Cemeteries are largely seen as final resting places – an end, but for those interested in historical and genealogical research, cemeteries can provide a wealth of information regarding people, places and events of the past.
Here in Newport, Rhode Island we have within the Common Burying Ground, one of America’s earliest public cemeteries, a section that dates back to at least 1705 that includes the final resting place of Colonial Era enslaved and free Africans. Over the years, historians have described the one-acre area, which the African American community would later call “God’s Little Acre” as the segregated section of a public cemetery reserved for non-whites. This logical conclusion arises from the many examples of historic “Negro” burial grounds throughout early America that were almost always sited far apart from the final resting places of the white community.

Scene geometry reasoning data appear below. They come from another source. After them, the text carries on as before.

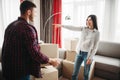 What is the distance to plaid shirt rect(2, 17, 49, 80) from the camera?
1411mm

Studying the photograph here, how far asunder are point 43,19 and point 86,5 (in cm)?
141

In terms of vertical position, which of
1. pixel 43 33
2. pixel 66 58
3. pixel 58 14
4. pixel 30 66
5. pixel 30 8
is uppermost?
pixel 58 14

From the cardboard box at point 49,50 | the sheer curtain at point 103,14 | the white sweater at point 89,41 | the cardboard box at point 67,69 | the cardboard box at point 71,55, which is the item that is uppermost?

As we work to restore and interpret God’s Little Acre, we are continually reminded that the larger Common Burying Ground was established by a very special man and within a very special time and place in American history. The Common Burying Ground is a 10-acre parcel of land gifted to the Town of Newport in 1640 by Dr. John Clarke. Renaissance man Clarke, would become one of the founders of Newport, an early Baptist minister, and the man who would bring the Royal Charter of 1663 that would establish Rhode Island as an English Colony under the unique tenants of religious toleration and a separation of church and state. As Clarke would gift land for an establishment of a public burying ground, an important requirement was that all would be afforded the opportunity to be buried in a common place regardless of social or religious status.

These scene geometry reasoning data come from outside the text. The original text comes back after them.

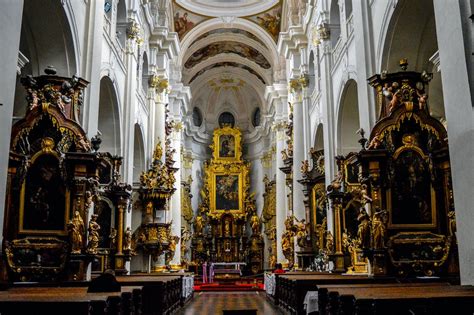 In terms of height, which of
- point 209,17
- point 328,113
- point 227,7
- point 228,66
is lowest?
point 328,113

As Newport would grow into a major American seaport during the 18th century, so too did its population of enslaved and free Africans, who, as they departed this life, would be buried in the God’s Little Acre section of the Common Burying Ground. The fact that
Africans, enslaved and free, buried in a separate section, but still within an ancient, historical burial ground with their own burial markers is unique and historically noteworthy. However, recent interpreted work has found several markers of enslaved and free Africans that were buried not only in the God’s Little Acre area, but within the larger cemetery resting peacefully beside their Colonial white contemporaries. This evidence of integrated burials during the 18th century offers the supposition that while the God’s Little Acre section of the Common Burying Ground was clearly designated as the final resting place for African members of the Newport community, it was not a strict requirement.
This evidence of integrated burials within an early American community, that also was the leading American Colonial slave port, offers a lesson in hope. Hope that maybe Dr. John Clarke’s belief in civic toleration may have justly influenced masters to see their enslaved servants as something more than chattel property, at least in death.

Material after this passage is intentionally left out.